Do Cakes "Sing" When They're Done Baking?
I mostly bake nowadays as a form of relaxation. Few rituals reset my head as reliably as hitting play on a long podcast and executing a predictable series of tactically satisfying tasks that a) create natural, warm aromatherapy, b) feel productive, and c) result in a delicious and shareable treat that I can bag up and bike to the door stoops of my friends. Yet for all baking's therapeutic properties, there's one step that consistently raises my blood pressure: the one-to-five-ish minute window of hedging whether or not it's time to take my cakes or bars or cookies out of the oven. After liberally spending money on ingredients, dirtying a sink of equipment and dishes, and getting sore feet from standing at the counter, nothing pisses on my zen quite like knocking down the quality of my homemade dessert a peg at the very last minute by misjudging its doneness.
Even in a precision-driven practice like baking, there's wiggle room within recipes, particularly when it comes to timing. Cookbook authors almost always offer an estimated time window but advise bakers to rely on their senses to judge doneness. I'll never turn down a tip on how to make that challenging part easier for myself. So, like Lifehacker's Claire Lower, my ears perked up during the latest series of The Great British Bake Off whenever Peter "the baby-faced assassin" Sawkins mentioned his habit of listening to his bakes.

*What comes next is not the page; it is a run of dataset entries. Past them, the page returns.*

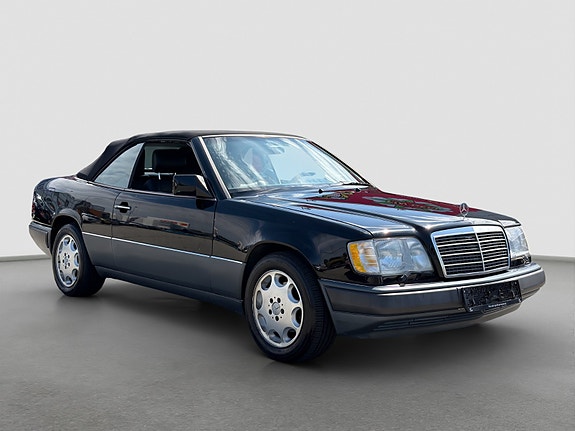 Mercedes-Benz E320 15 of 30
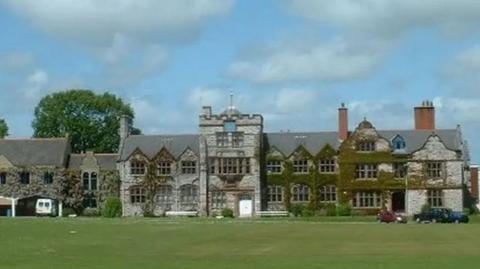 Ysgol Rhuthun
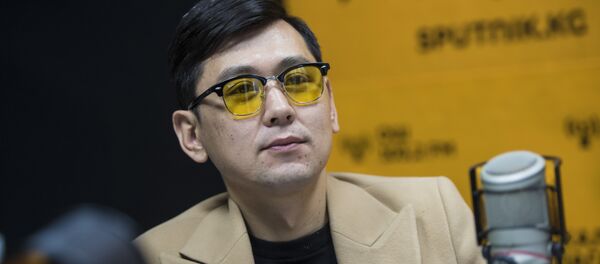 Популярдуу ырчы Нурлан Насип маек учурда Популярдуу ырчы Нурлан Насип маек учурда - Sputnik Кыргызстан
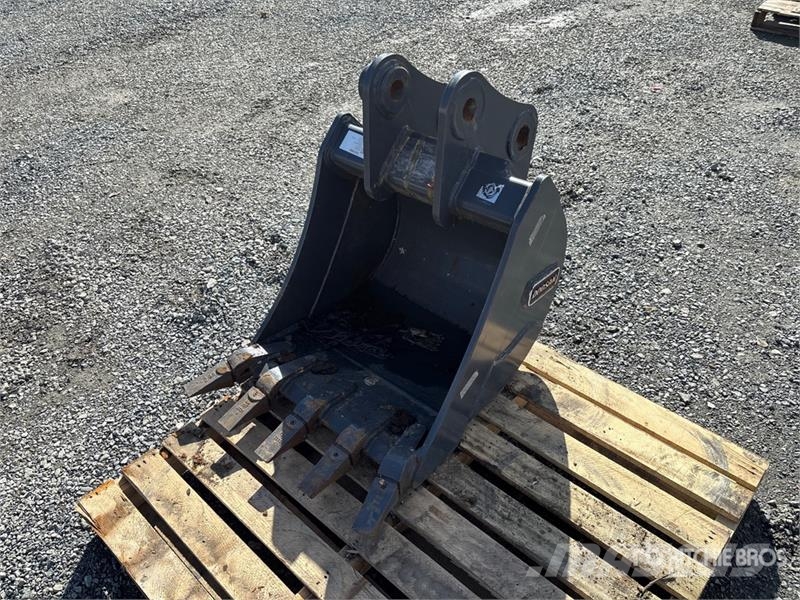 Doosan 24 in Digging Excavator Bucket (Unused) دلاء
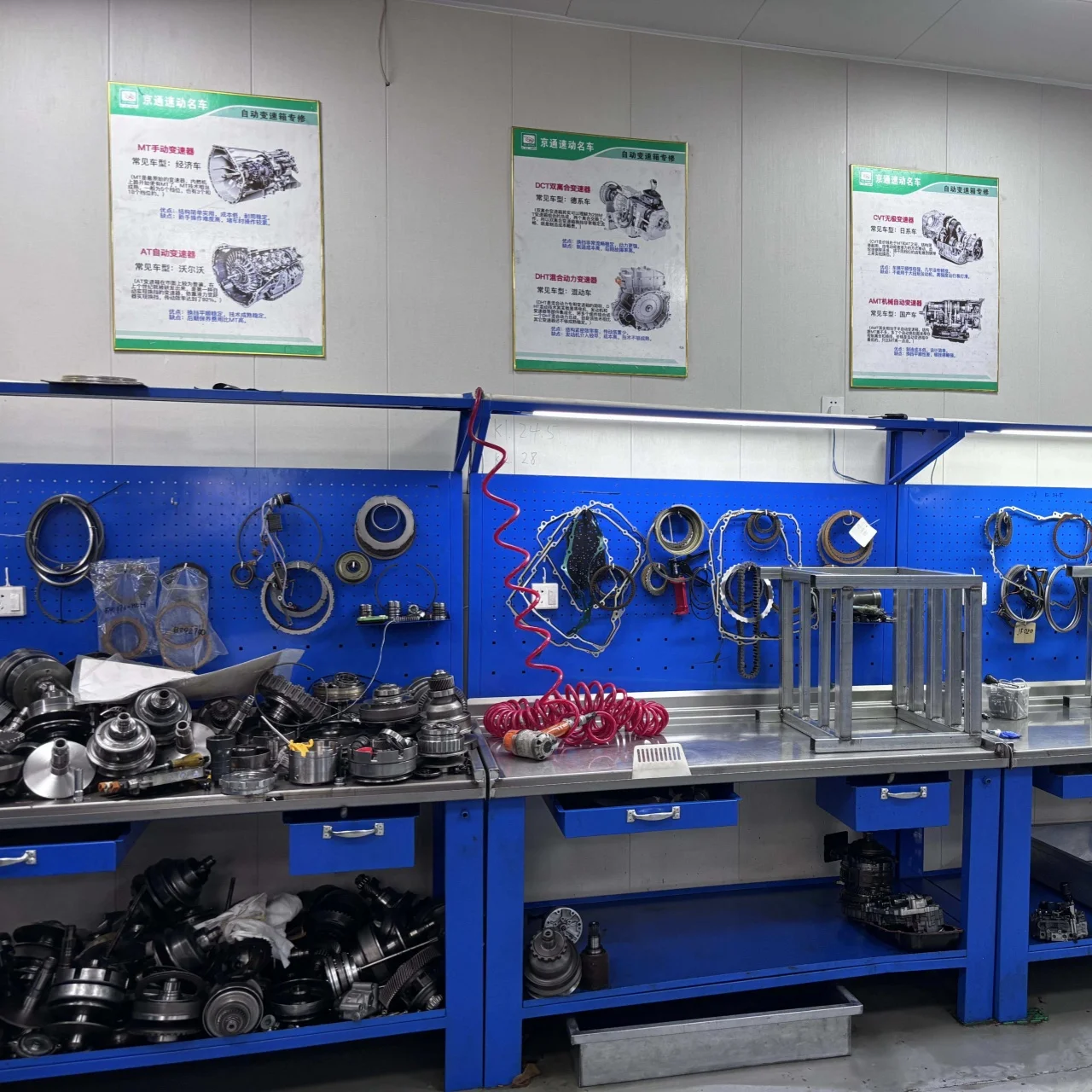Hebei Jingtong Automotive Service Co., Ltd. 3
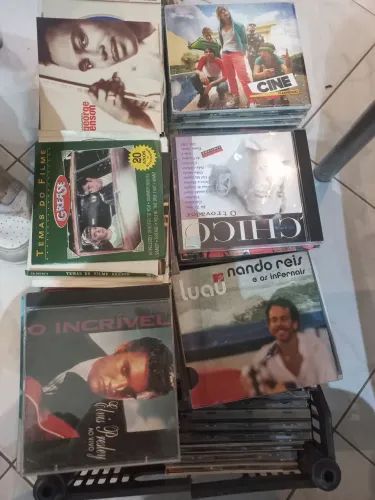 Lote com 220 cds vários titulo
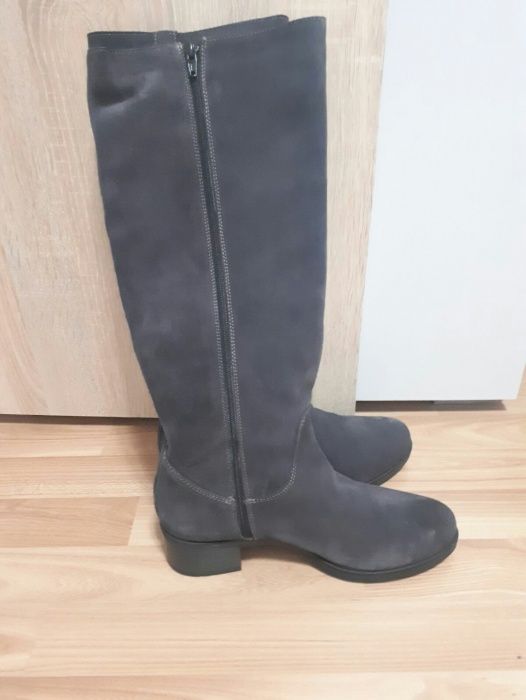 Vând cizme de damă din piele întoarsă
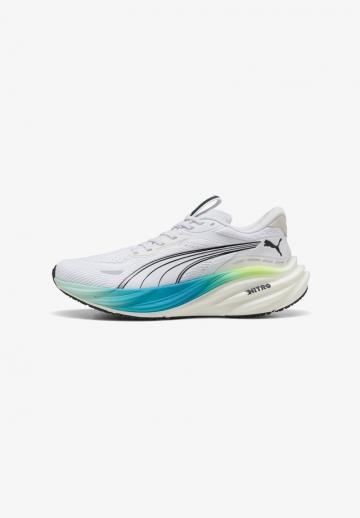 Беговые кроссовки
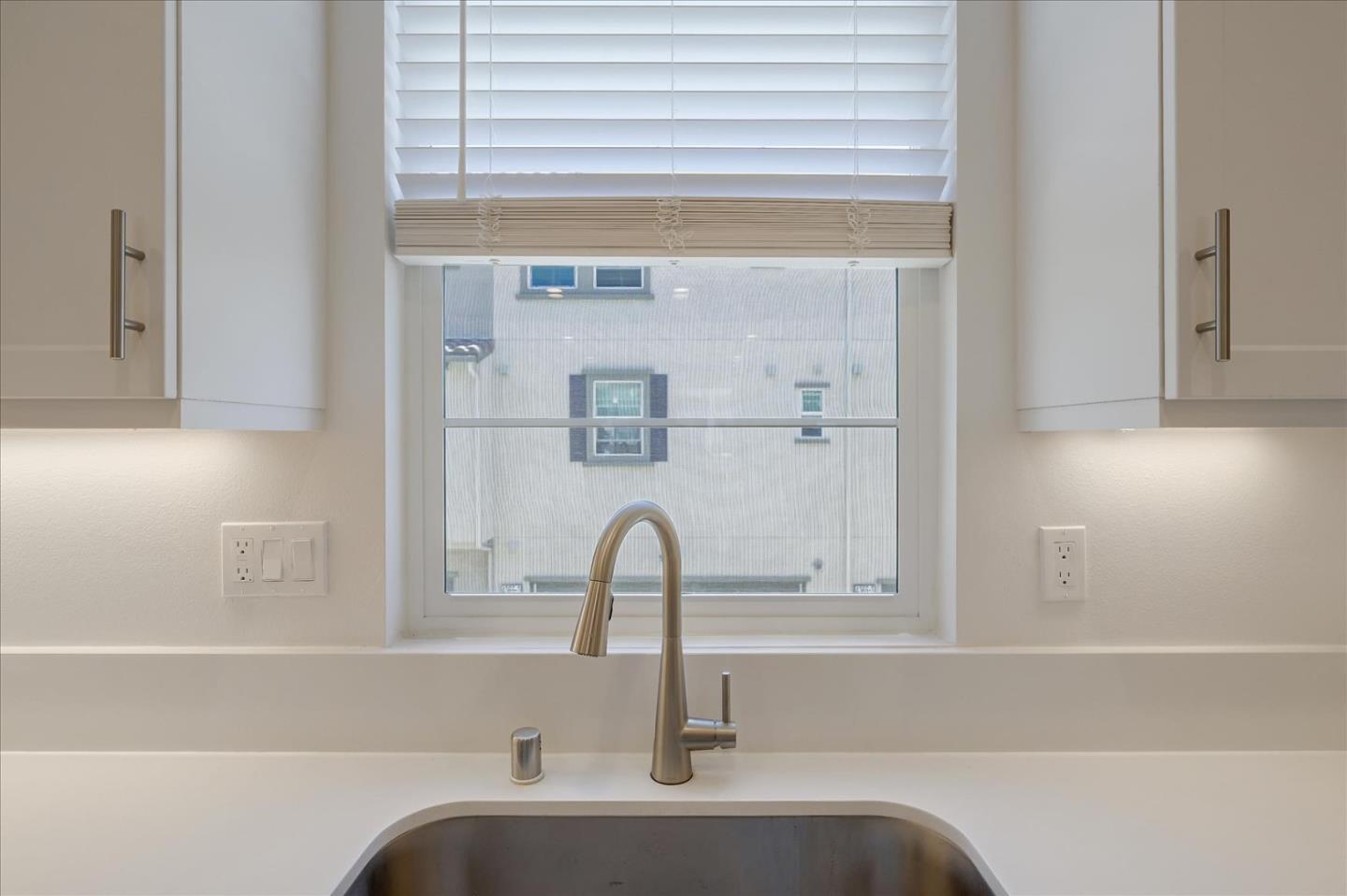 Detail Gallery Image 14 of 41 For 4367 Pacifica Way #4,  Oceanside,  CA 92056 - 3 Beds | 3/1 Baths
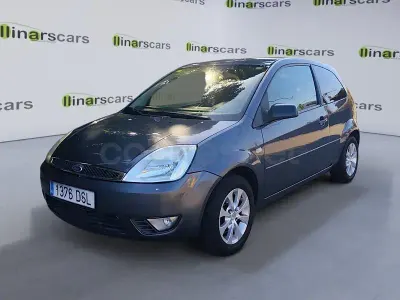 Usado Ford Fiesta Trend 68 CV (50 kW) 2005 Gris / plata Utilitario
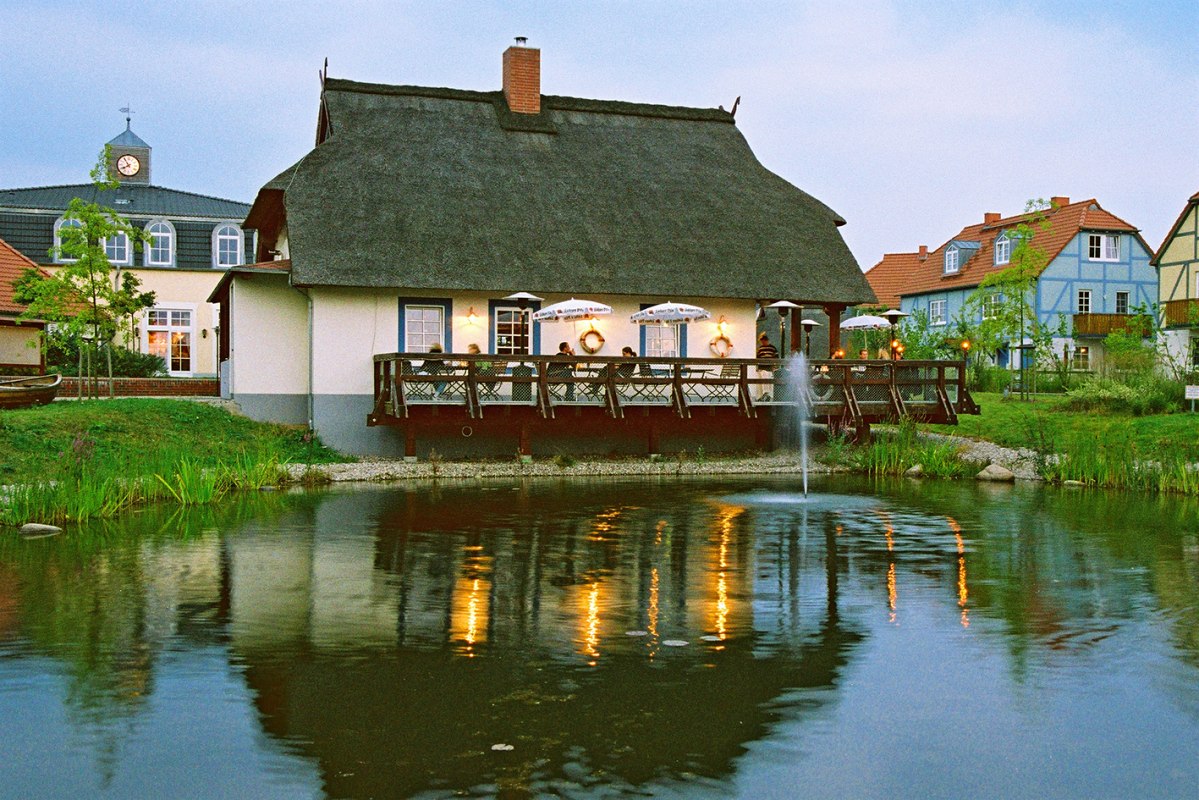 &copy; BEECH Resort Fleesensee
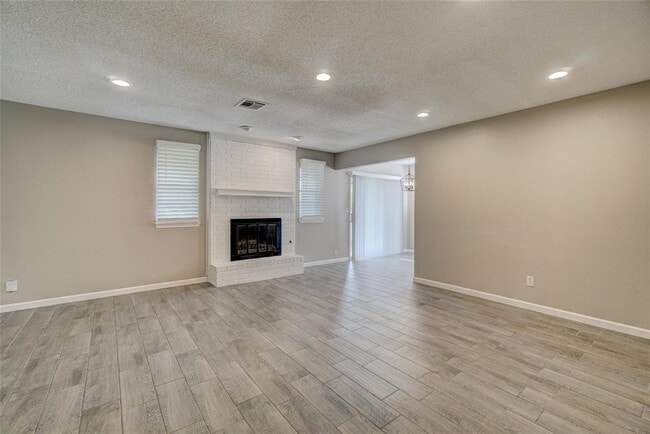 Photo - 1528 Apollo Rd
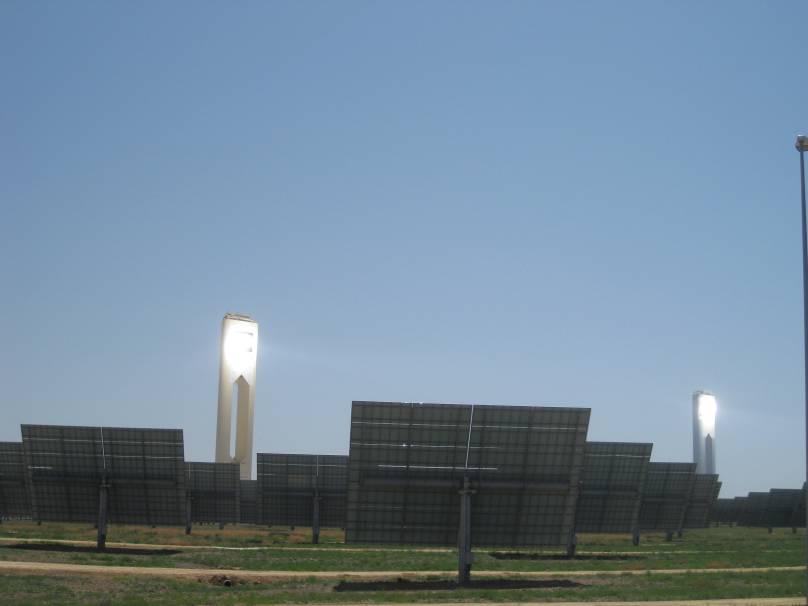 CSP: Central Receiver Status: Demonstration to earlycommercial Deployment 10 MW operating in Spain 20 MW now in operation April 2009 15 MW Solar Tres (Spain) project Key attributes High
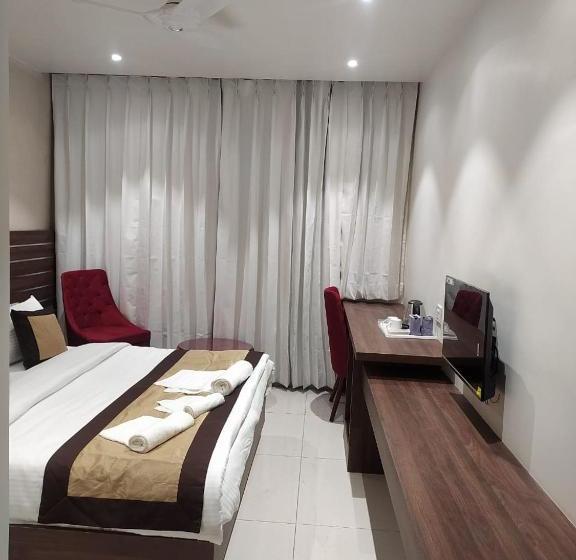 בית מלון כפרי Rajlaxmi Free Airport Pickup And Drop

Among the kitchen methods and techniques that have been displayed inside the show's tent over the years, cake whispering has stuck out to me as a noteworthy mix of basic chemistry and folksy hunch-ism. Since it was Sawkins who most recently served as ambassador to this practice—up to and including in the finale, where he made timing adjustments to his choux because it was "a bit too loud in there"—I reached out to him to get more information.
"It's completely on the feel of it, the intuition," Sawkins told me. "I know that a cake is really under-baked if I'm hearing it kind of boiling away, and I'm hearing it too much. I'm just looking for a gentle simmer or sound." Sawkins says that he primarily relies on the classic skewer test to determine when a cake is ready to come out of the oven, but adds that using multiple senses helps him better anticipate how the final product is going to look and taste. "You can get it to the point where you've baked it and you can not hear anything. And that's when I know it's overbaked, because I want a bit of that gentle simmer to be running. And then the carryover cooking will finish it, and make a lovely moist sponge." It's a tactic he picked up from series three winner John Whaite, then again from Val Stones in series seven. "There's no science there," says Peter. "It's just the intuition of getting the right level of moisture in the cake."
But this being baking, there is, of course, some science involved—but what is it? My usual go-to source for these sorts of questions—the Cook's Illustrated archives—dug into this a little at one point, but the method of experimentation seems... dubious:
We were skeptical, but when we hovered next to the oven door while baking a couple of cakes, we could indeed hear faint crackling sounds as the water in the batter turned to steam and escaped.
As entertaining as it is to imagine a gaggle of clipboard-holding test cooks pressing their ears up to a closed oven door, it is my understanding that this technique is employed at the very end of a cooking process, typically once you're ready to open the door and let heat and steam escape anyway—not while it's still inside. So I asked Rhonda Stewart, a certified executive pastry chef and senior instructor at Johnson & Wales University, what she thought.
"I spoke with some colleagues this morning," said Stewart, "and one said, 'If it's singing Pavarotti, then I got it. But otherwise, no.'" Whether through whipped egg whites or chemical leaveners that create carbon dioxide, cakes get their lift from air bubble molecules that expand as the cake cooks. Stewart continues, "I think it's more what they're hearing is possibly the lack of sound, meaning as those bubbles are popping [and] the carbon dioxide is released... the gasses are being released right before the final crust is formed."
That actually lines up with what Sawkins described, and it also lines up with the way cake tops become less porous as a proper crust forms. It may be a viable trick for home cooks, Stewart says, but there's one big obstacle that prevents cake-listening from being practical in commercial kitchens: "For a professional baker, I can't hear myself think in the kitchen, let alone listen to a cake." Refrigerators, mixers, blast chillers, telephones, ovens, coworkers—industrial kitchens are loud as hell.
"What we get more than the sound is actually [the cakes'] aroma," said Stewart. "I was taught by Germans who, you know, they never used a watch for anything or a timer for anything in the bake shop. We would have 20 different things going at the same time, and you had to learn what it smelled like." Stewart even ranks scent as a more reliable indicator than sight, which can be deceptive. A bread made with milk, for instance, will appear golden brown faster than its water-based counterpart, even if the bake is the same. Same goes for recipes heavy on sugar or made with chocolate, where the dark color masks the usual helpful visual cues of doneness. A little resistance to touch, Stewart notes, is also a helpful gauge. But to really bake like a pro? Let your nose make the call.